Python version: 3.8.12
Tensorflow version: 2.3.0
Keras version: 2.4.0


# Load data

In [177]:
# Length of the sequence length for training data
seq_length = 200

In [178]:
text = open('shakespeare_train.txt', 'rb').read().decode(encoding='utf-8')

# Sort the unique characters in the file
vocab = sorted(set(text))
print(f'{len(vocab)} unique characters')

67 unique characters


# Process the text
Methods to convert the strings to a numerical representation and the other way around. This section also creates sections of text to define training examples.

Create layer to go from characters to ID's. The input of the layer is the output from tf.strings.unicode_split.

In [179]:
ids_from_chars = tf.keras.layers.experimental.preprocessing.StringLookup(vocabulary=list(vocab), mask_token=None)

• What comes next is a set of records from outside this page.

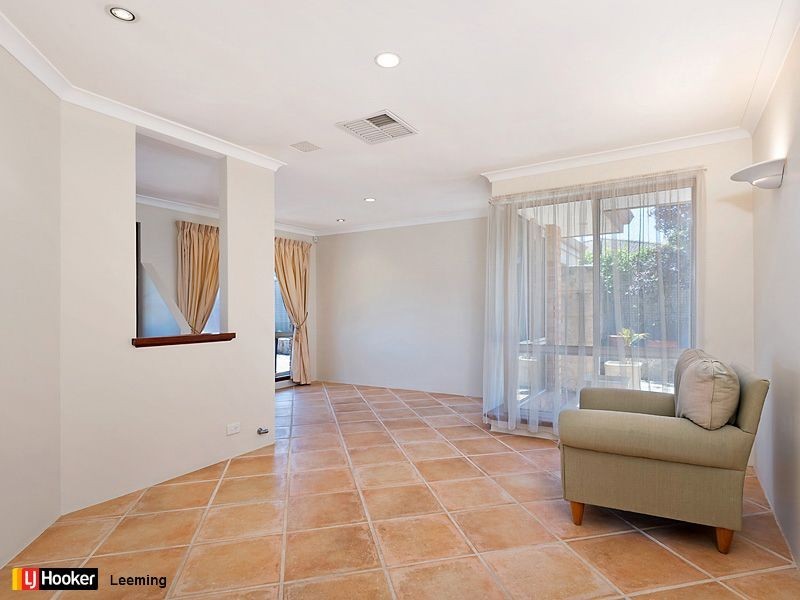 2 Gilbertson Road, Kardinya WA 6163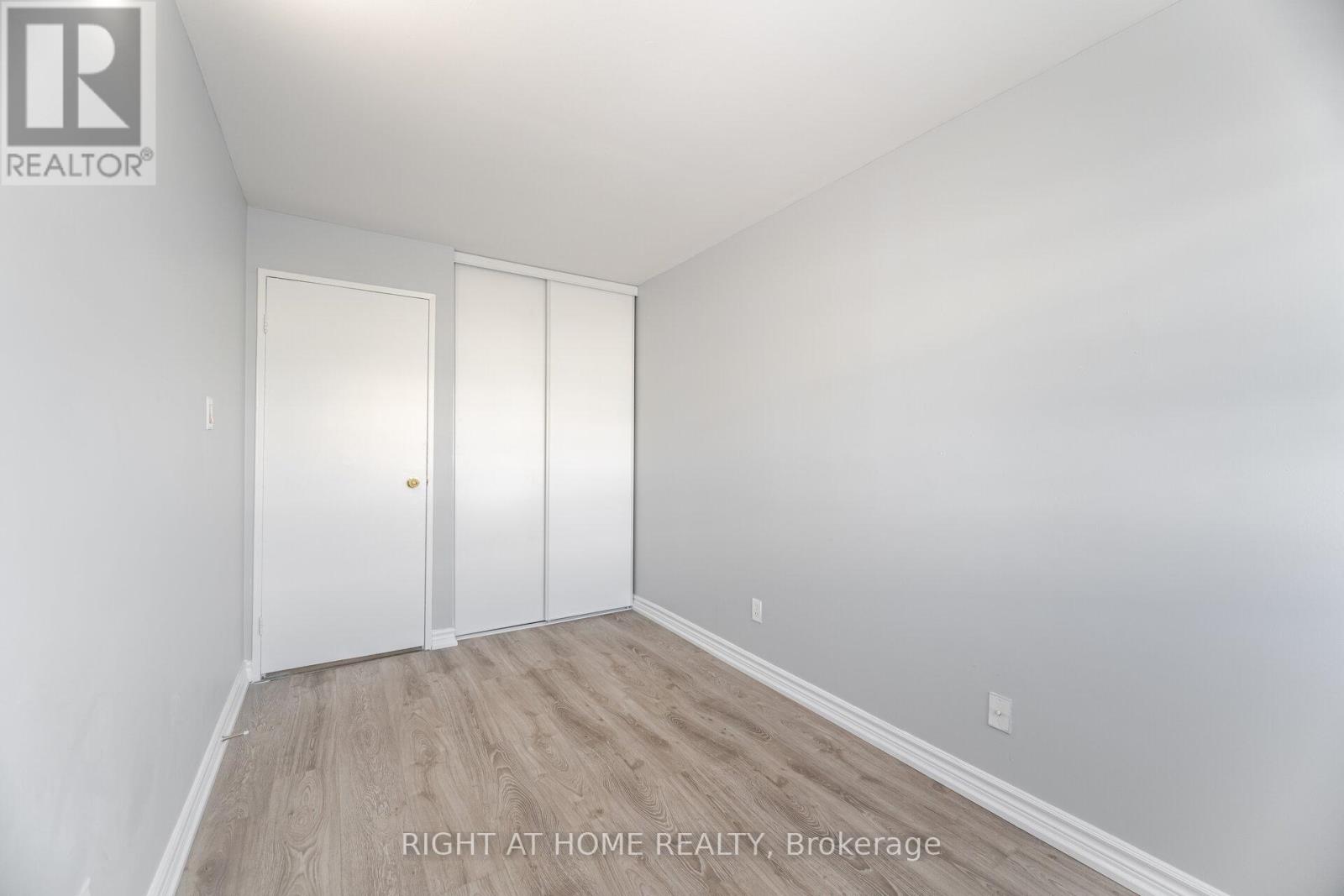79 - 3050 Constitution Boulevard, Mississauga (Applewood), Ontario  L4Y 3X1 - Photo 24 - W12408399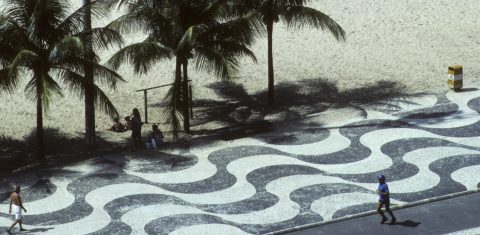 As pedras portuguesas no tradicional calçadão de Copacabana. Foto Leemage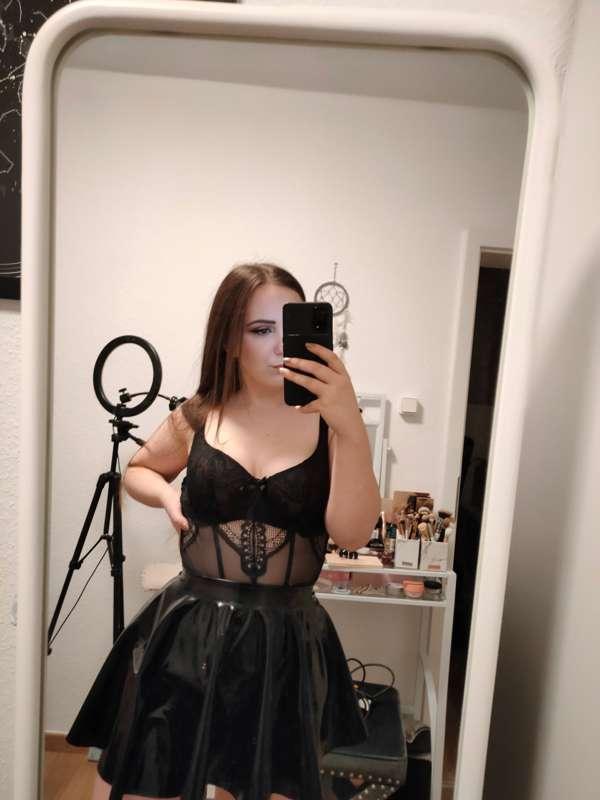 Sorry for my messy room 😸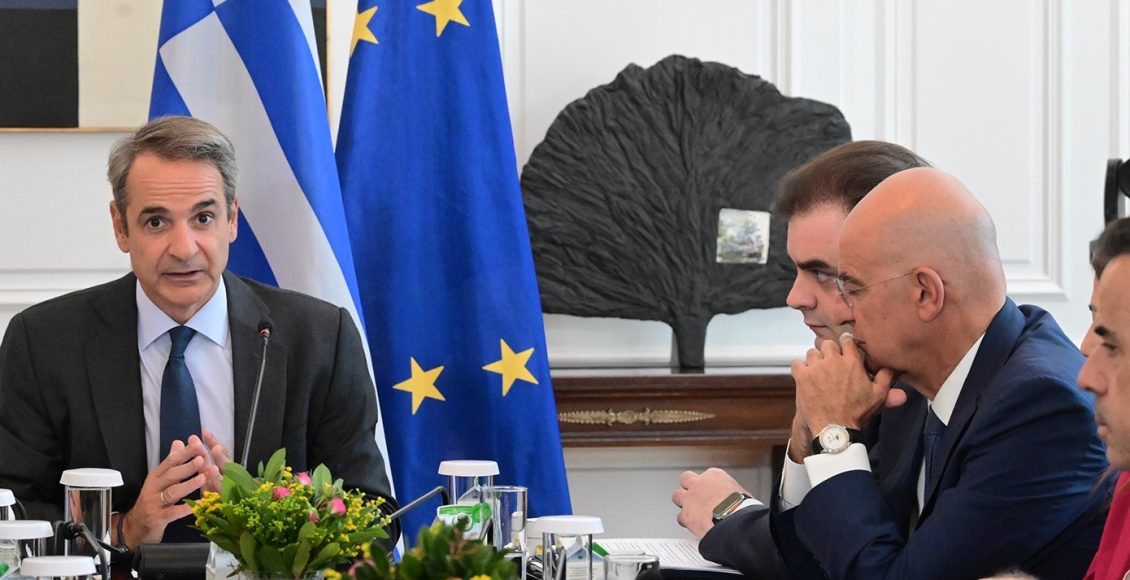 Μητσοτάκης-στο-υπουργικό:-Μάχη-για-την-αλήθεια,-από-τα-Τέμπη-μέχρι-την-εξωτερική-πολιτική-–-Εκπέμψαμε-το-σήμα-της-ισχυρής-Ελλάδας-στον-ΟΗΕ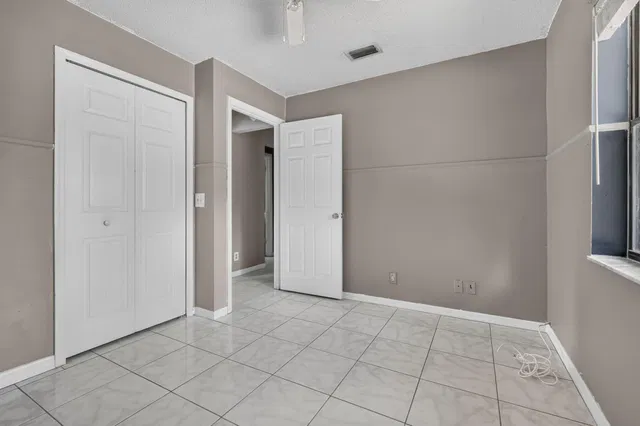 Residence photo 17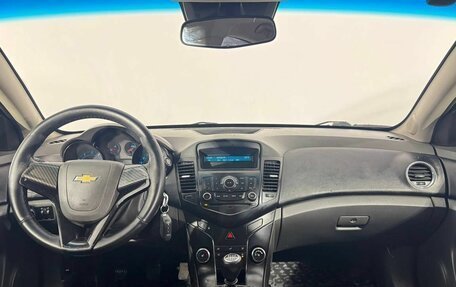 Chevrolet Cruze II, 2009 год, 600 000 рублей, 9 фотография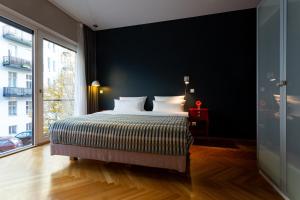 the circus apartments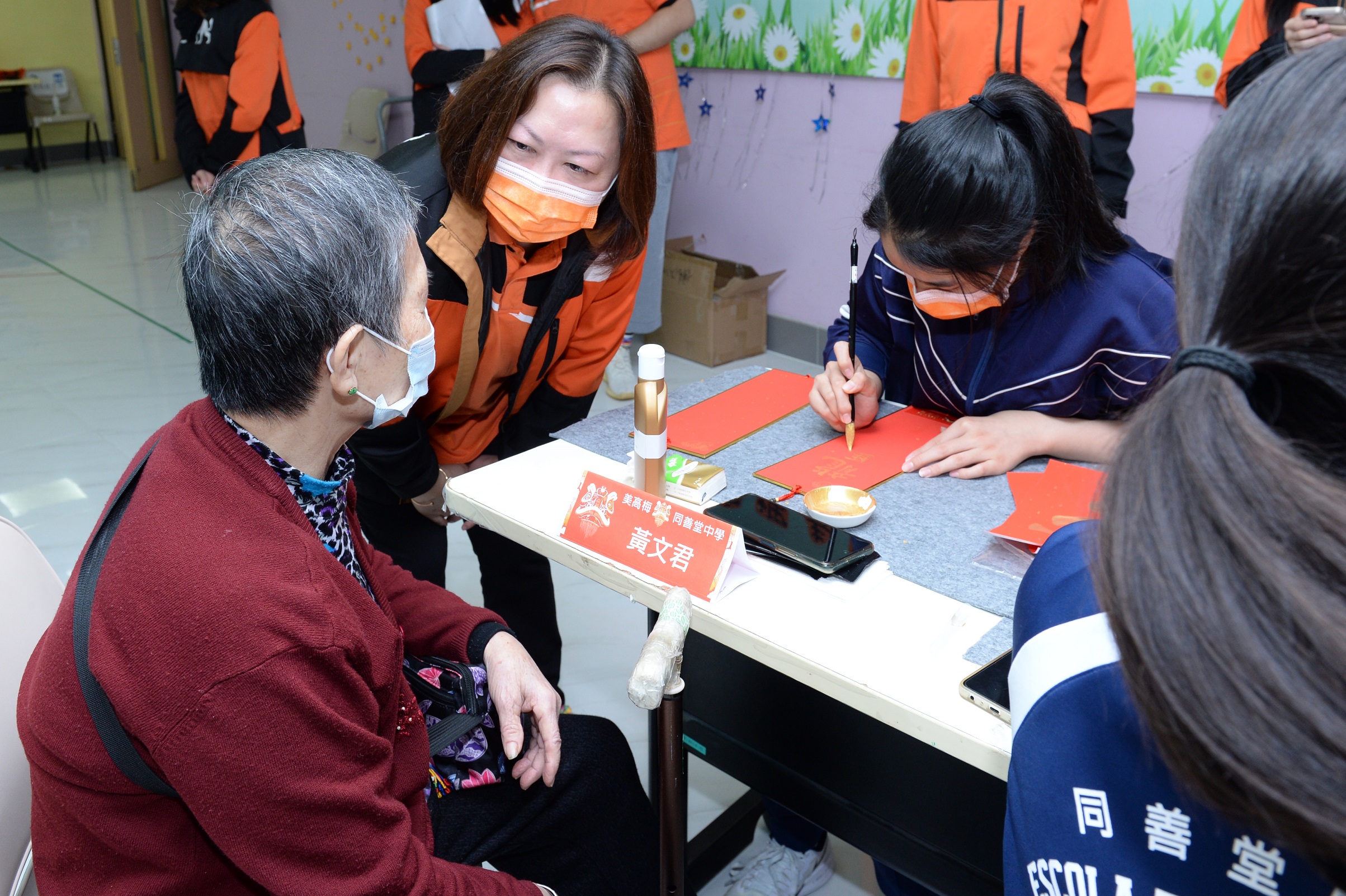 The pupils wrote Fai Chun upon seniors’ requests, creating heart-warming scenes.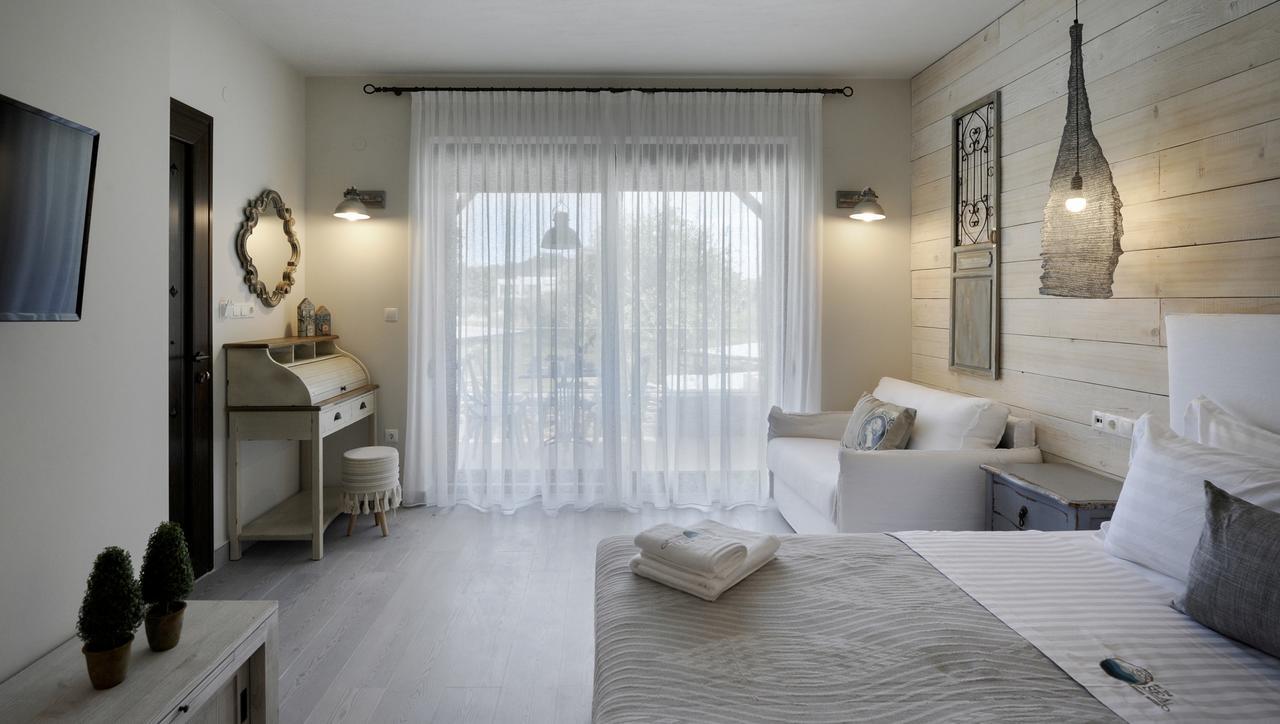 By The Sea Luxury Suites Limenas  Exterior photo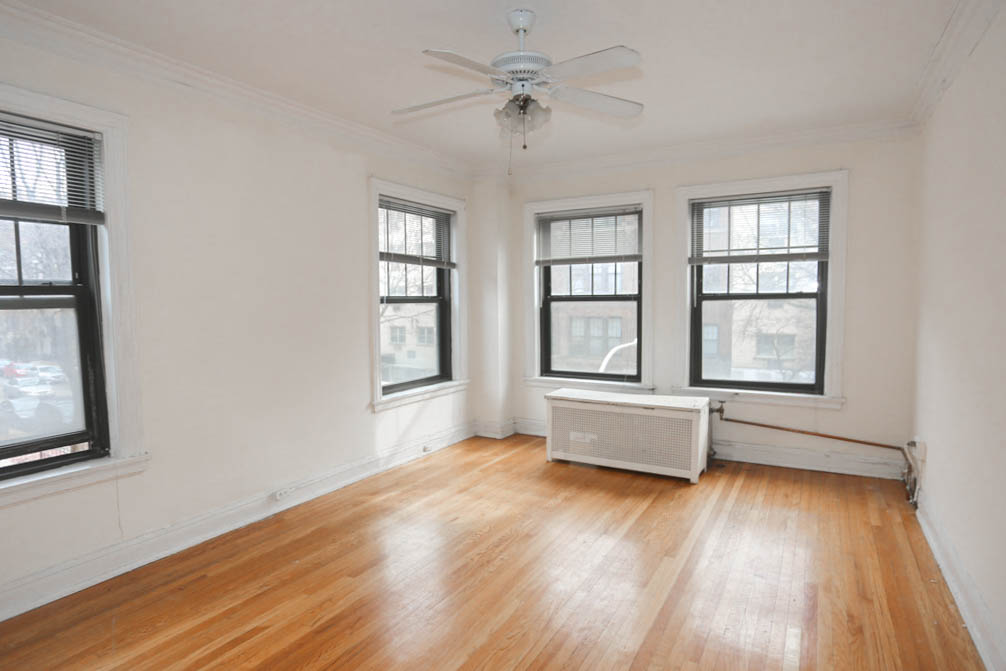 540 W. Briar Image 26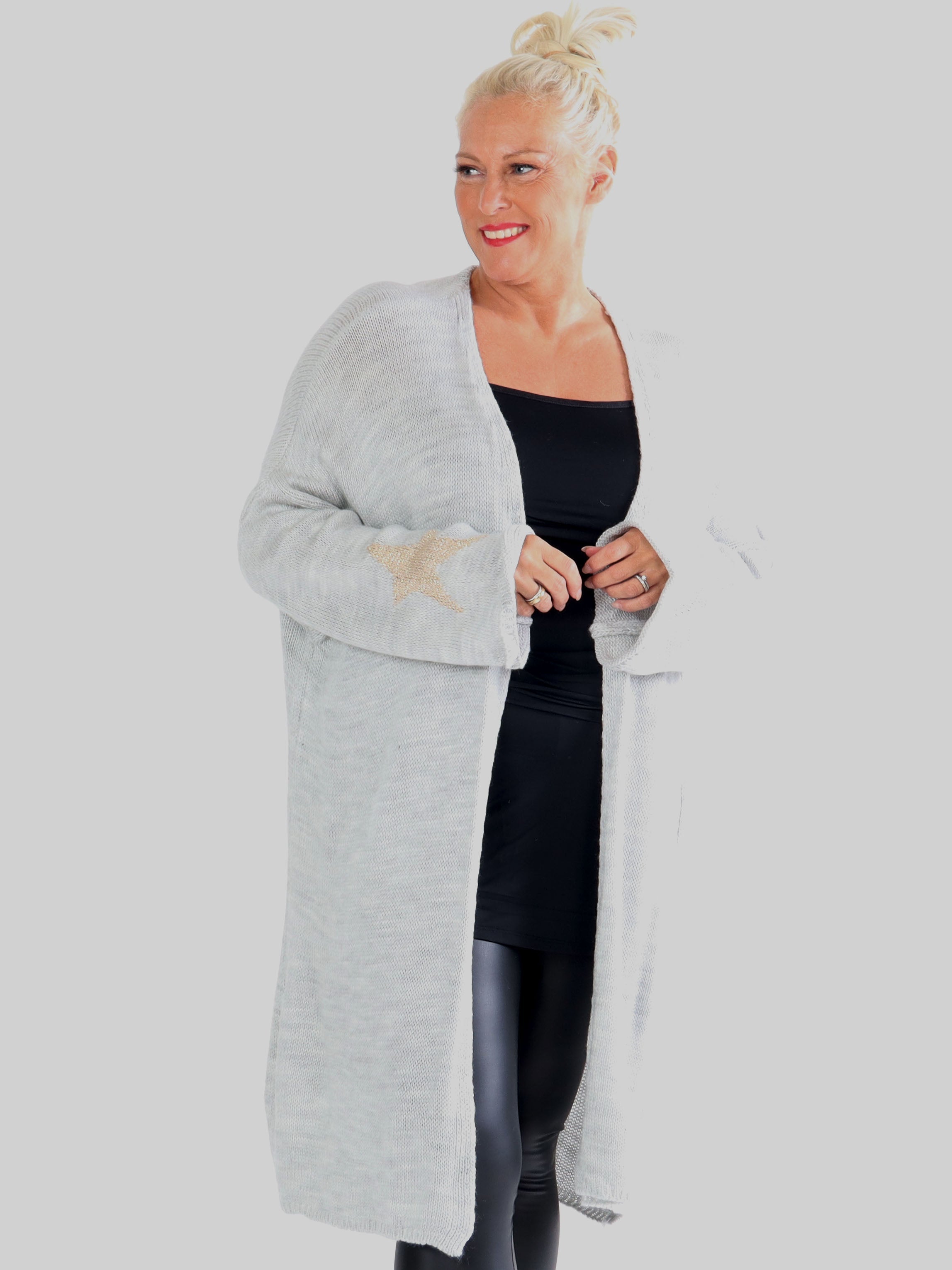 Lowa - Plus size stickad kofta med stjärna - Black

Create layer and method to go from ID's to characters, the reverse process.

In [180]:
chars_from_ids = tf.keras.layers.experimental.preprocessing.StringLookup(vocabulary=ids_from_chars.get_vocabulary(), invert=True, mask_token=None)

In [181]:
def text_from_ids(ids):
    return tf.strings.reduce_join(chars_from_ids(ids), axis=-1)

Divide training data into chunks.

In [182]:
all_ids = ids_from_chars(tf.strings.unicode_split(text, 'UTF-8'))
ids_dataset = tf.data.Dataset.from_tensor_slices(all_ids)

In [183]:
examples_per_epoch = len(text)//(seq_length+1)
sequences = ids_dataset.batch(seq_length+1, drop_remainder=True)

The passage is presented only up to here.